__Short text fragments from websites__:

===

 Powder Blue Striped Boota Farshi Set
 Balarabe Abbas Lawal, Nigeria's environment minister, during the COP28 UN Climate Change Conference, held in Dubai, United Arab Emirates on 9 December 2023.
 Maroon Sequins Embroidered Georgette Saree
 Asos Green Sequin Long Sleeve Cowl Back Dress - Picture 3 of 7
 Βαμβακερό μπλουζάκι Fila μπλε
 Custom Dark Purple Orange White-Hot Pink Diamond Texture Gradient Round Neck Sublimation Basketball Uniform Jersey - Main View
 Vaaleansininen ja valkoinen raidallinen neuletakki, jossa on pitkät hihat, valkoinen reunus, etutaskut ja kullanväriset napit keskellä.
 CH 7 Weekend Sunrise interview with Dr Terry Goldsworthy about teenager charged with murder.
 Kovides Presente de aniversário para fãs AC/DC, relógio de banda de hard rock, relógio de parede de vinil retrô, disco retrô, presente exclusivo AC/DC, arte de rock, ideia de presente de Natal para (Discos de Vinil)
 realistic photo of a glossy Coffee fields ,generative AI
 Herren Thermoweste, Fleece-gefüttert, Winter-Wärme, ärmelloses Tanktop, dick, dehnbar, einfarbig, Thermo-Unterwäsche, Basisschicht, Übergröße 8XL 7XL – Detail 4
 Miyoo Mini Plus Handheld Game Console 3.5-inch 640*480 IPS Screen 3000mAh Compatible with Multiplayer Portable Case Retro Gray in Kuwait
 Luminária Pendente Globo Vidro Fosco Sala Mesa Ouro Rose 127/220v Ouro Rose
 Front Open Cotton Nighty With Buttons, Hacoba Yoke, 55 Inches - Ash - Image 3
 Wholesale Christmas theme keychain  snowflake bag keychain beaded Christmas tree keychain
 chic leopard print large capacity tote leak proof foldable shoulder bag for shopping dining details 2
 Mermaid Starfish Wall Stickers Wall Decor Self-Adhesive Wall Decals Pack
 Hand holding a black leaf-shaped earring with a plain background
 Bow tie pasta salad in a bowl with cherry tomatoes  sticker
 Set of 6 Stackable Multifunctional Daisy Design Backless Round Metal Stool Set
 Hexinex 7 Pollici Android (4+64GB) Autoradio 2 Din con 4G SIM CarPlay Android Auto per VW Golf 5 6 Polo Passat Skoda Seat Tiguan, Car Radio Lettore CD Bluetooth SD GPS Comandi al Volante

===

__Task details__:
Start at the first line and transcribe the data exactly through the last.

__Answer to this task__:
 Powder Blue Striped Boota Farshi Set
 Balarabe Abbas Lawal, Nigeria's environment minister, during the COP28 UN Climate Change Conference, held in Dubai, United Arab Emirates on 9 December 2023.
 Maroon Sequins Embroidered Georgette Saree
 Asos Green Sequin Long Sleeve Cowl Back Dress - Picture 3 of 7
 Βαμβακερό μπλουζάκι Fila μπλε
 Custom Dark Purple Orange White-Hot Pink Diamond Texture Gradient Round Neck Sublimation Basketball Uniform Jersey - Main View
 Vaaleansininen ja valkoinen raidallinen neuletakki, jossa on pitkät hihat, valkoinen reunus, etutaskut ja kullanväriset napit keskellä.
 CH 7 Weekend Sunrise interview with Dr Terry Goldsworthy about teenager charged with murder.
 Kovides Presente de aniversário para fãs AC/DC, relógio de banda de hard rock, relógio de parede de vinil retrô, disco retrô, presente exclusivo AC/DC, arte de rock, ideia de presente de Natal para (Discos de Vinil)
 realistic photo of a glossy Coffee fields ,generative AI
 Herren Thermoweste, Fleece-gefüttert, Winter-Wärme, ärmelloses Tanktop, dick, dehnbar, einfarbig, Thermo-Unterwäsche, Basisschicht, Übergröße 8XL 7XL – Detail 4
 Miyoo Mini Plus Handheld Game Console 3.5-inch 640*480 IPS Screen 3000mAh Compatible with Multiplayer Portable Case Retro Gray in Kuwait
 Luminária Pendente Globo Vidro Fosco Sala Mesa Ouro Rose 127/220v Ouro Rose
 Front Open Cotton Nighty With Buttons, Hacoba Yoke, 55 Inches - Ash - Image 3
 Wholesale Christmas theme keychain  snowflake bag keychain beaded Christmas tree keychain
 chic leopard print large capacity tote leak proof foldable shoulder bag for shopping dining details 2
 Mermaid Starfish Wall Stickers Wall Decor Self-Adhesive Wall Decals Pack
 Hand holding a black leaf-shaped earring with a plain background
 Bow tie pasta salad in a bowl with cherry tomatoes  sticker
 Set of 6 Stackable Multifunctional Daisy Design Backless Round Metal Stool Set
 Hexinex 7 Pollici Android (4+64GB) Autoradio 2 Din con 4G SIM CarPlay Android Auto per VW Golf 5 6 Polo Passat Skoda Seat Tiguan, Car Radio Lettore CD Bluetooth SD GPS Comandi al Volante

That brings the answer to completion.